Monday, April 5, 2010

Red DeerRiver Vistas

       April the fourth, Easter Sunday, was a good day for a walk because a huge delicious Easter dinner was in store for me. My wife and I decided a walk along the banks of the Red Deer River would be the perfect exercise to prepare for Easter dinner. When we got to the river we found the trails wet, muddy, slushy and snow covered so the walk was limited.

      I had decided to take my camera just in case something interesting was encountered.
Something interesting was found. At Red Deer, the Red DeerRiver is basically a mountain stream with steep banks.

For some unknown reason I thought the house at the top of the distant ridge would make a great picture centered by the river. The white house is barely visible. The guy has a billion dollar view as the house is about 2 kms away. The 2 kms of river is braided with islands and at most times there are tremendous numbers of waterfowl.

This stretch of river has some areas of small rapids. In the distance the river runs out of room and has to make a sharp left turn.

A couple of hundred kms from here the Red Deer River becomes a classic prairie river with a well developed valley and high banks. It is then running through the badlands around Drumheller , Alberta.

For a super canoe trip, this river is tops. The rapids are not challenging and the stream is fast. Most of the time you do not see any evidence of human activity...just you and the river.

So later on, the dinner was enjoyed and the exercise was valued.

Sunday, April 4, 2010

The Beauty of Tundra Swans in Migration

        On March 27 and 28 I was treated to the awesome beauty of tundra swans (cygnus columbianus) flying over my district. The  mornings were both dark gray overcast so the brilliant white of the birds was sparkling as they flew towards the north. The striking color is just as noticeable under a clear blue sky as well.

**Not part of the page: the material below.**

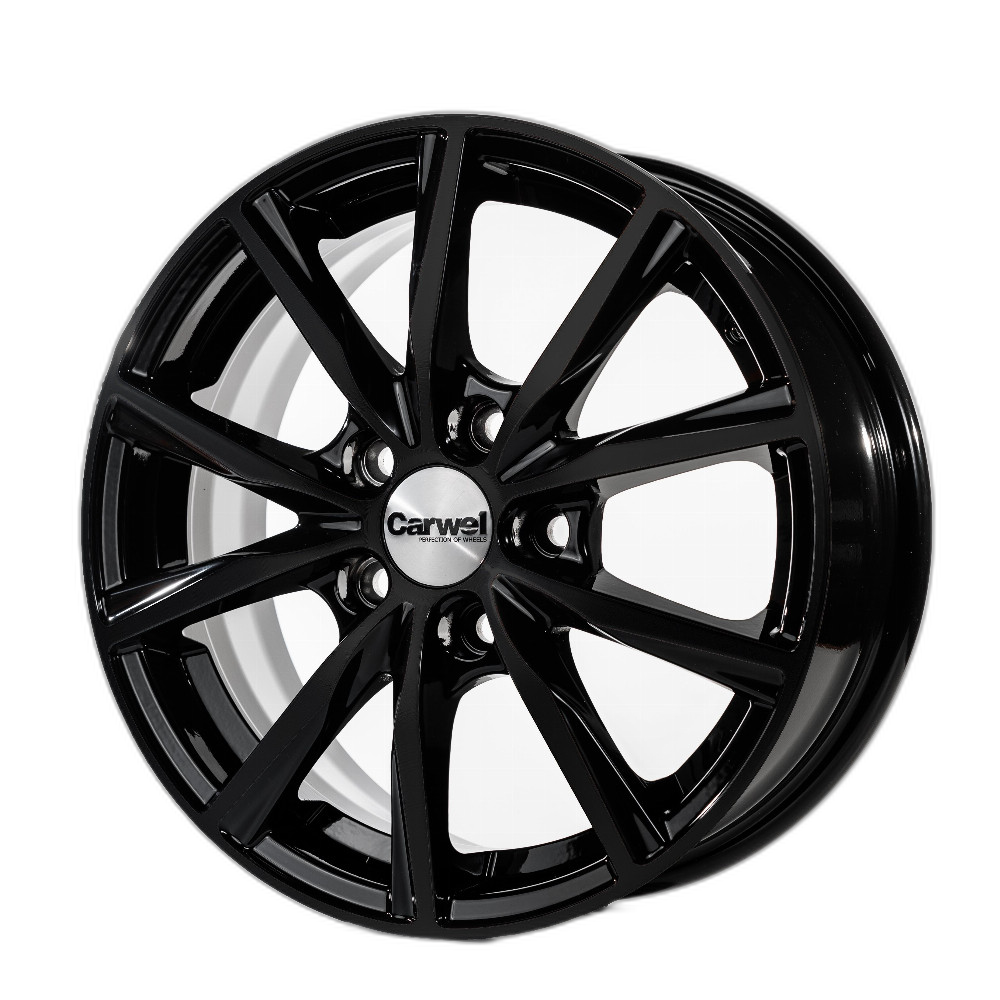 Carwel Диск ЛС 15x6 5x100 Гамма 115 BK (Carwel) 38 /57,1/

        Tundra swans pass through Alberta in late March or early April  to their nesting grounds on the Arctic coast. They will rest and feed here for a short time, but keep on pressing north always landing on frozen over lakes and ponds. This is the condition they find on the Arctic coast when they begin nesting. The whole reproduction cycle is successful by a mere number of days. Egg incubation, maturation of young until they develop their flight feathers leaves very little room for error. The young must begin fall migration with very little flight experience.

      Tundra swans can be hard to distinguish from trumpeter swans(cygnus buccinator). Trumpeter swans are larger than tundra swans and nest in northern Alberta. The tundra swan has a small amount of yellow on the bill. It is difficult to tell the difference between  the species out in the field. Their voices are also different, but again you have to be experienced to recognize them.

      So once again I have the exciting experience to see tundra swans in migration. Just so trumpeter swans and you don't think I'm biased, I also enjoy the larger trumpeter swan as well. The trumpeter's will hang around on local ponds for a while so they can be observed at a more leisurely pace.